Granted, Anna was in Jerusalem and Jesus grew up at the other end of the country in Galilee. Perhaps Joseph and Mary hadn’t told him about those rumors–you know how it is: you don’t want your kid to get a swollen head! And maybe that’s why Mary was so touchy when her twelve year old son stayed behind in Jerusalem and in the Temple no less! Whenever I read that Gospel, I don’t hear Mary saying Son, why have you done this to us? with the Anglo-Saxon poise of an actress in a Jesus-movie; no I hear the anguished urgency of Mrs. Cohen–who lived three doors down from us–when she’d sunject her son, Stevie, my best friend, to the third degree. Mary must have had fearful associations with the Temple in Jerusalem.
It’s plausible that she was at synagogue during the events described in today’s Gospel when her worst fears were fulfilled. First the wonder and praise from the congregation–that’s embarrassing enough–and then the outrage and the mob violence. Although her boy had the moxy to walk through the crowd she must have known that her troubles were just beginning.
I suppose we’ve all acted like this congregation: most of us do with elected officials, movie stars, most any public figure.
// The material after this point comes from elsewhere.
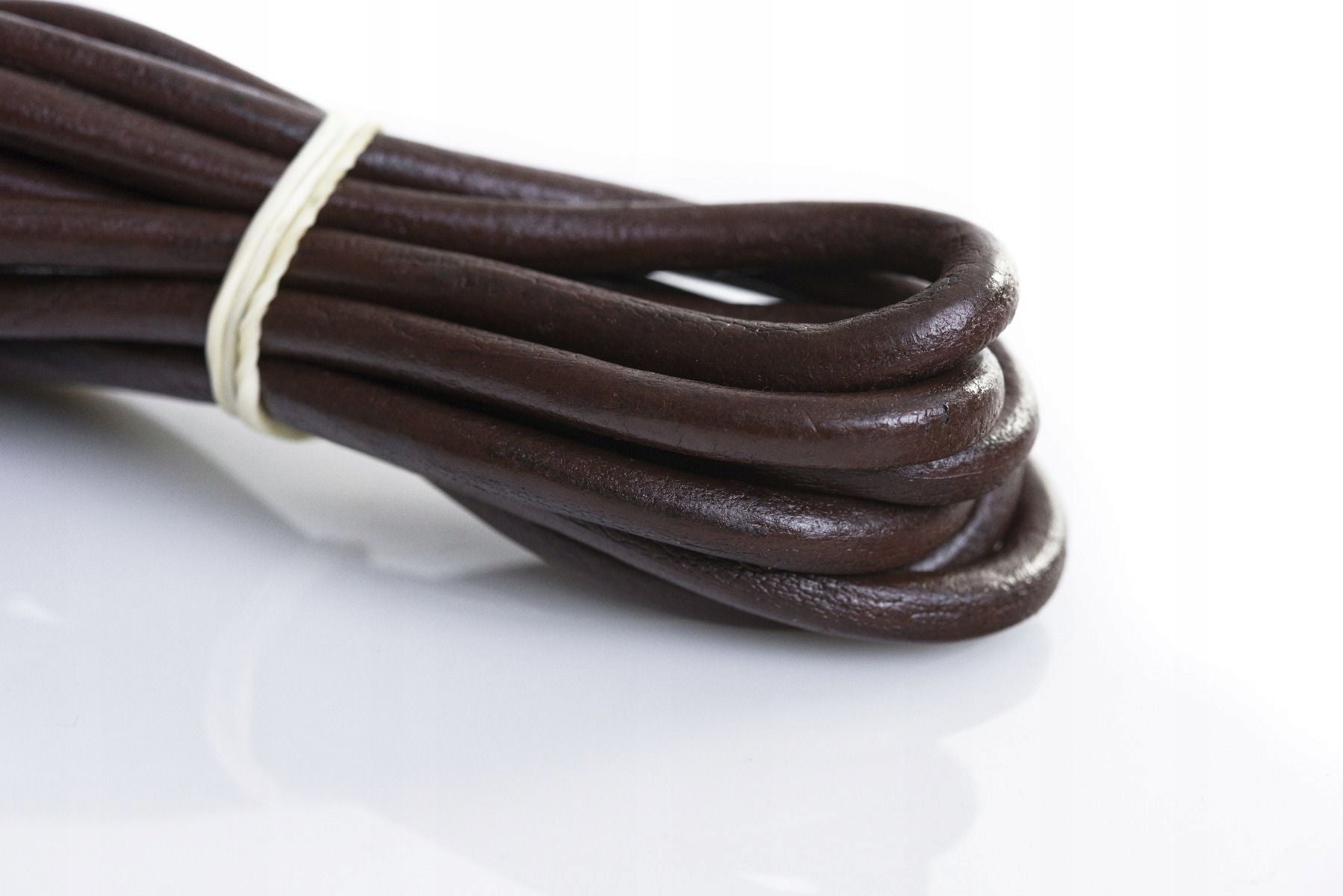 Wooden jump rope with bearing straps Kind leather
It’s something we do collectively: we’re wowed at first and then we lap up the gossip and take a particular delight in picking such people to pieces. Just recall two musicals that celebrate the dynamic: Jesus Christ, Superstar and Evita. Perhaps we can’t get either of them off the stage because they resonate with every human crowd: praise and destruction of the same individual. What do we get out of doing that? We must get something out of it–a group identity?–or we’d have been bored by the sport long ago. But that’s only one side of today’s Gospel. The other side also describes us: it’s Jesus’ side.
We may share the weakness of the congregation at Nazareth but we also share Jesus’ vocation. We also, each of us, take responsibility for the Word of God and proclaim it in some way, securing the concrete connections in daily life. And then what? Collective praise and support as well as collective suspicion and opposition. I’m sure Jesus wasn’t surprised. Even if Mary never mentioned her worst fears to him, he would have felt them; surely he could read his mom’s moods as well as any of us! He knew what would come after the praise, so he didn’t milk it for all it was worth. After all it’s not worth too much from a crowd as it would be from one person whose life had really been changed by him. Or by any one of us.
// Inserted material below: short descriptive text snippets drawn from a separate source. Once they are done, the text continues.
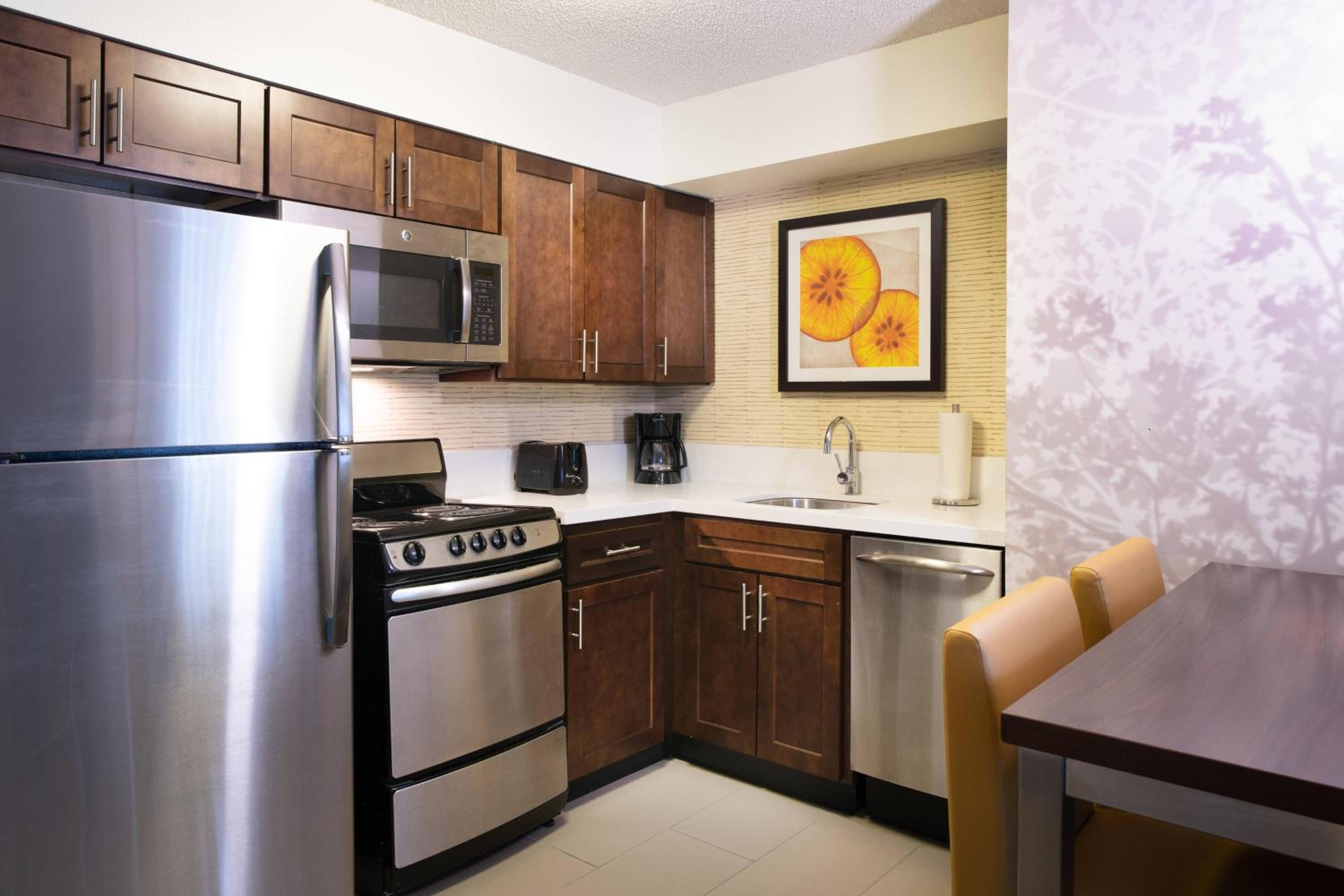 Two-Bedroom Suite with Fireplace - Mobility/Hearing Accessible w/Tub, photo 6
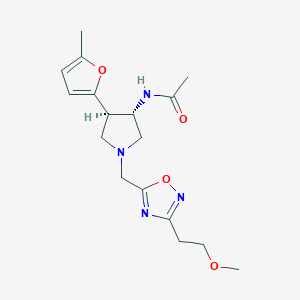 molecular formula C17H24N4O4 B5566520 N-[(3S*,4R*)-1-{[3-(2-甲氧基乙基)-1,2,4-恶二唑-5-基]甲基}-4-(5-甲基-2-呋喃基)-3-吡咯烷基]乙酰胺 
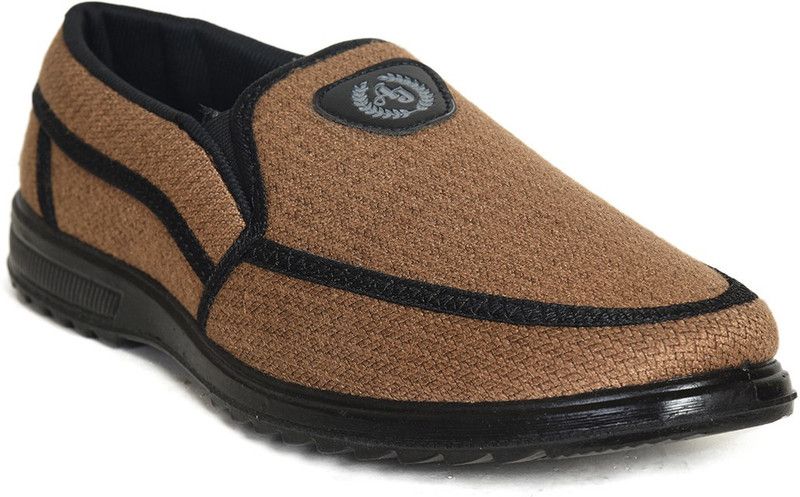 PU1054 Slip On Sneakers For Men  (Beige)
Perhaps that’s the difference between a crowd and a community. A crowd happens to be a group of people unconsciously groping at an identity. A community is composed of individuals responsively interacting, taking responsibility. Today, in this Eucharist, in this communion, will I be an individual seeking God with you or part of a crowd huddling under the same umbrella, the same label?